PHPの長所と短所の両方としてあげられる項目として、「PHPは型を意識せずにプログラミングできる」というようなことが言われる場合があります。
PHPは、基本的に場合に応じて、型を自動的に変換(キャスト)するため、初心者にとって入りやすいポイント、とも言えるし、何らかの事態の際にはまりやすいポイントとも言えると思う。
ここで大切なのは、型がない訳ではなく、内部的に自動的に変換しているだけで、実際には明確に型がある、ということだ。
たとえば、こんなソースを書いたとしよう。
<?php // search_word に値があれば if ($_GET['search_word']) { // 処理を行う }
条件判定文で、変数に値があるかどうかを判定しているのだが、この_GET変数はGET値が自動的に代入されているため、文字列型(string)(もしくは未定義値)が入る。
で、この変数が、未定義だった場合や、空文字("")の場合は、($_GET['search_word']) は false になるので、正常な挙動である。

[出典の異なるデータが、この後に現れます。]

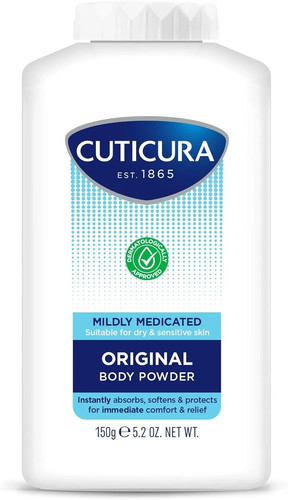 Cuticura mildly medicated - cuticura,,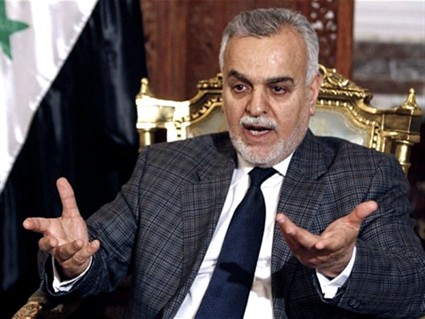 伊拉克副总统被判死刑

ただし、"0"が入っていた場合も false になってしまうのである。
PHP: 論理型 (boolean) - Manual
"0"の場合は true になるべきなら、
<?php // search_word に値があれば if ($_GET['search_word'] != "") { // 処理を行う }
としなければならない。
なお、下記のように、数値形式の文字列の場合は、数値として解釈され、両方ともtureになってしまうので、注意が必要だ。
<?php if ("58" == "0x3A") { echo "true"; } if ("0.01" == "1e-2") { echo "true"; }
このような場合には、「===」(値と型の両方が一致する=自動的な型変換が行われずに評価される)演算子を使わなければならない。
また、数値と文字列の比較も注意が必要。
<?php if (0 == "hoge") { echo "true"; } if (1 == "1hoge") { echo "true"; } if (1 == " 1hoge") { echo "true"; } if (1 == "1.0hoge") { echo "true"; } if (1 == " 1hoge") { echo "true"; } if (58 == "0x3Ahoge") { echo "true"; }
これらは全てtrueに評価される。
なぜなら、数値と文字列の比較の場合は、文字列を数値に型変換して比較が行われるからである。
文字列の数値への変換規則については、PHP: 文字列 - Manualを参照しよう。
これらを回避するためには、状況に応じて、「===」を使うとか、数値をstring型へキャストするとか、strcmp関数を使うとかする必要がある。
意外に、この自動的な型変換ではまるケースがあるので、きちんと意識する必要がある。
きちんと、型の比較について理解しよう。